6. Combine Interaction with Extraction

Once dynamic content is loaded, you can attach an extraction_strategy (like JsonCssExtractionStrategy or LLMExtractionStrategy). For example:

from crawl4ai.extraction_strategy import JsonCssExtractionStrategy

schema = {
    "name": "Commits",
    "baseSelector": "li.Box-sc-g0xbh4-0",
    "fields": [
        {"name": "title", "selector": "h4.markdown-title", "type": "text"}
    ]
}
config = CrawlerRunConfig(
    session_id="ts_commits_session",
    js_code=js_next_page,
    wait_for=wait_for_more,
    extraction_strategy=JsonCssExtractionStrategy(schema)
)

When done, check result.extracted_content for the JSON.


7. Relevant CrawlerRunConfig Parameters

Below are the key interaction-related parameters in CrawlerRunConfig. For a full list, see Configuration Parameters.
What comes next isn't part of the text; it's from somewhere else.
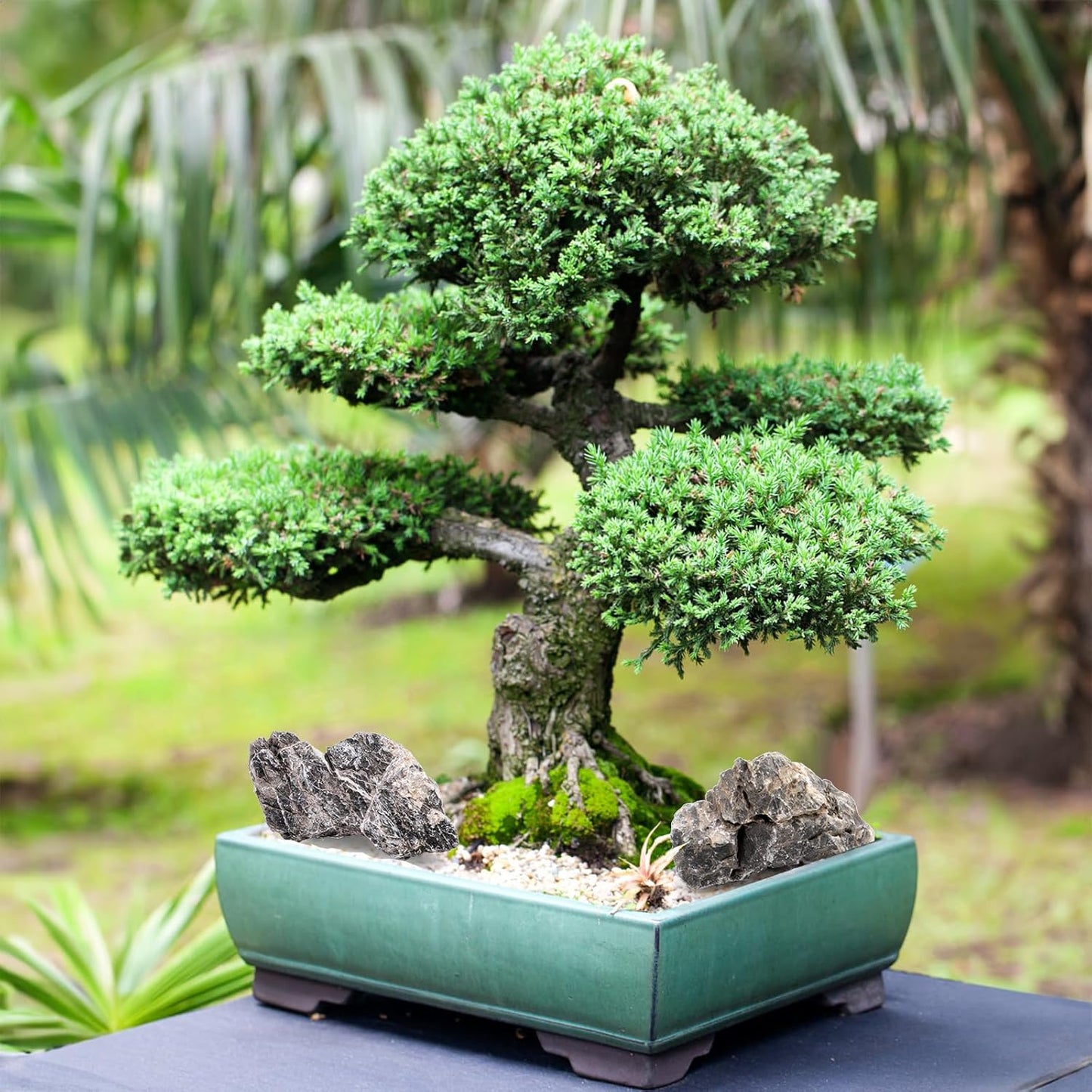 12lb Seiryu Stone, Aquarium Rocks for Terrariums, Paludarium, Vivariums, Reptile, Amphibian Enclosures, Fish Tank Decor for Aquarium Landscaping Models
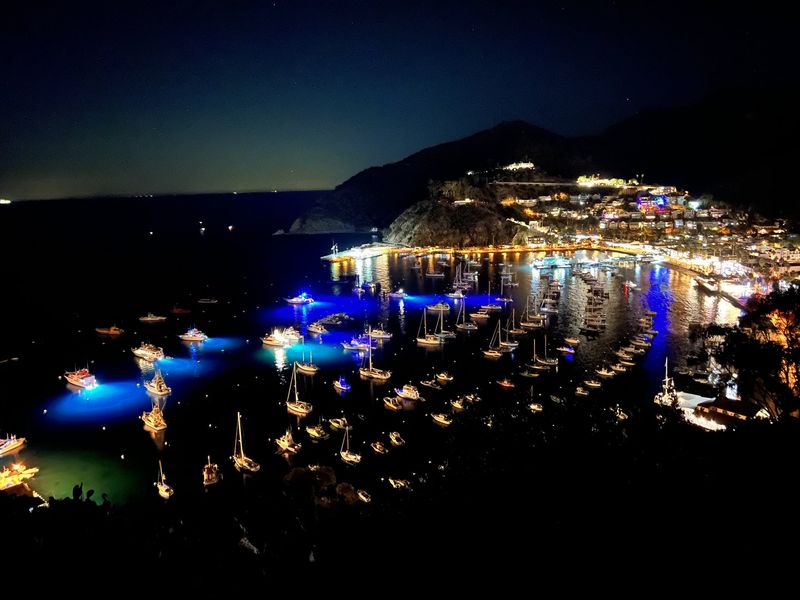 Avalon Harbor from the Bell Tower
  • js_code: JavaScript to run after initial load.
  • js_only: If True, no new page navigation—only JS in the existing session.
  • wait_for: CSS ("css:...") or JS ("js:...") expression to wait for.
  • session_id: Reuse the same page across calls.
  • cache_mode: Whether to read/write from the cache or bypass.
  • remove_overlay_elements: Remove certain popups automatically.
  • simulate_user, override_navigator, magic: Anti-bot or “human-like” interactions.

8. Conclusion

Crawl4AI’s page interaction features let you:

1. Execute JavaScript for scrolling, clicks, or form filling.
2. Wait for CSS or custom JS conditions before capturing data.
3. Handle multi-step flows (like “Load More”) with partial reloads or persistent sessions.
4. Combine with structured extraction for dynamic sites.

With these tools, you can scrape modern, interactive webpages confidently. For advanced hooking, user simulation, or in-depth config, check the API reference or related advanced docs. Happy scripting!